=== Section Start ===

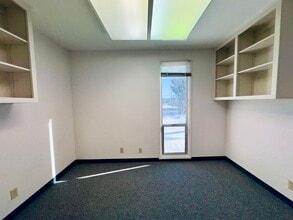 1950 Court St, Redding, CA à louer Photo du bâtiment- Image 2 de 9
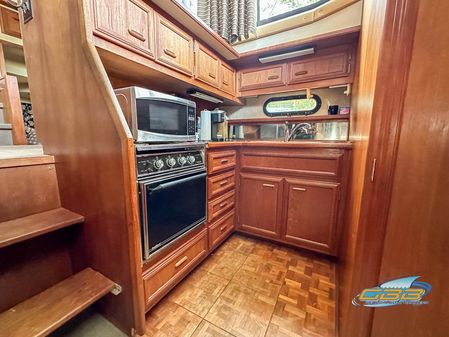 Carver 3807-AFT-CABIN-MOTORYACHT image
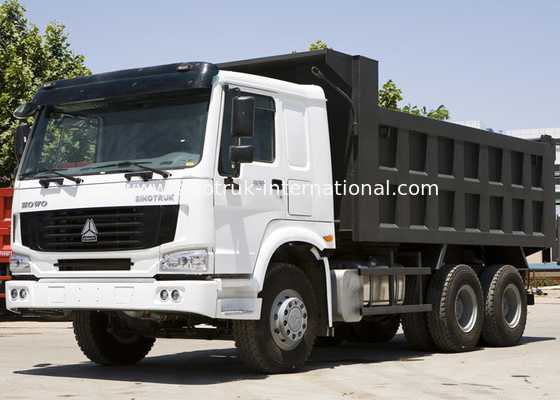 Tipper οι ρόδες φορτηγών απορρίψεων SINOTRUK HOWO 10 μπορούν να φορτώσουν την άμμο ή τις πέτρες 25-40tons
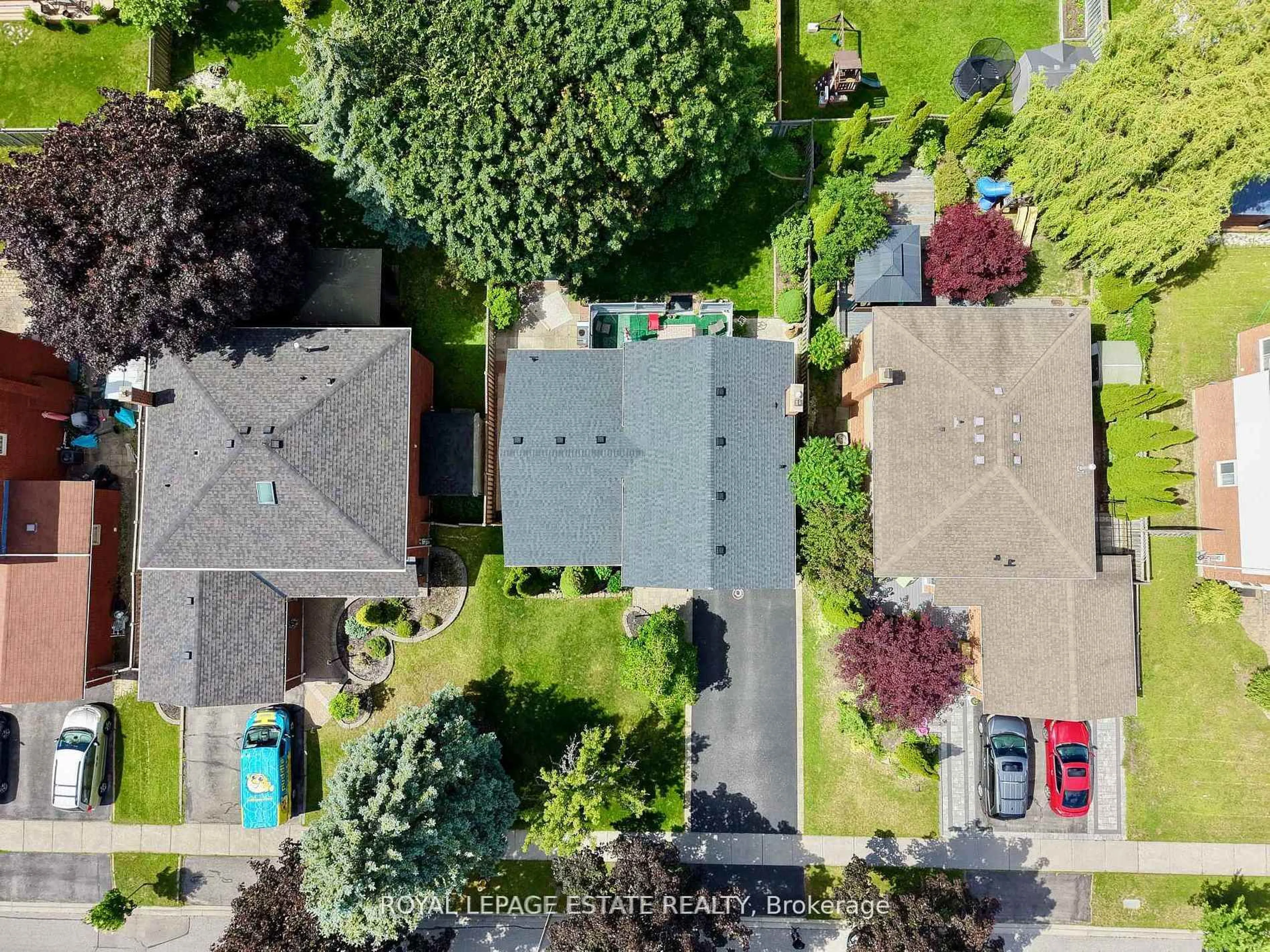 A pic from outside/outdoor area/front of a property/back of a property/a pic from drone, street for 130 William Stephenson Dr, Whitby Ontario L1N 8V1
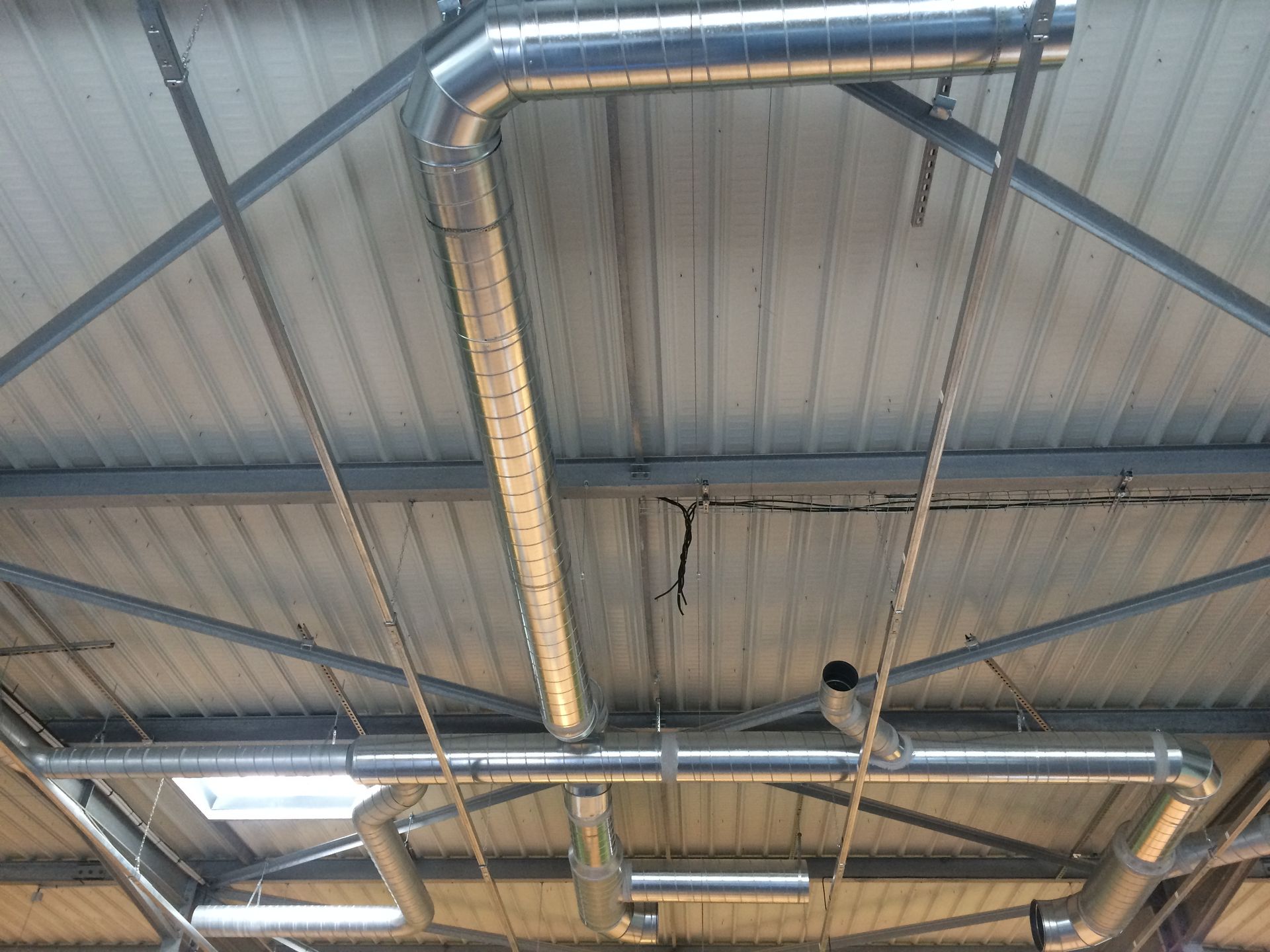 Ventilation sous plafond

=== Section End ===

_What is needed_
Leaving out the pictures, output each line above exactly as it is.

_Written answer_
 1950 Court St, Redding, CA à louer Photo du bâtiment- Image 2 de 9
 Carver 3807-AFT-CABIN-MOTORYACHT image
 Tipper οι ρόδες φορτηγών απορρίψεων SINOTRUK HOWO 10 μπορούν να φορτώσουν την άμμο ή τις πέτρες 25-40tons
 A pic from outside/outdoor area/front of a property/back of a property/a pic from drone, street for 130 William Stephenson Dr, Whitby Ontario L1N 8V1
 Ventilation sous plafond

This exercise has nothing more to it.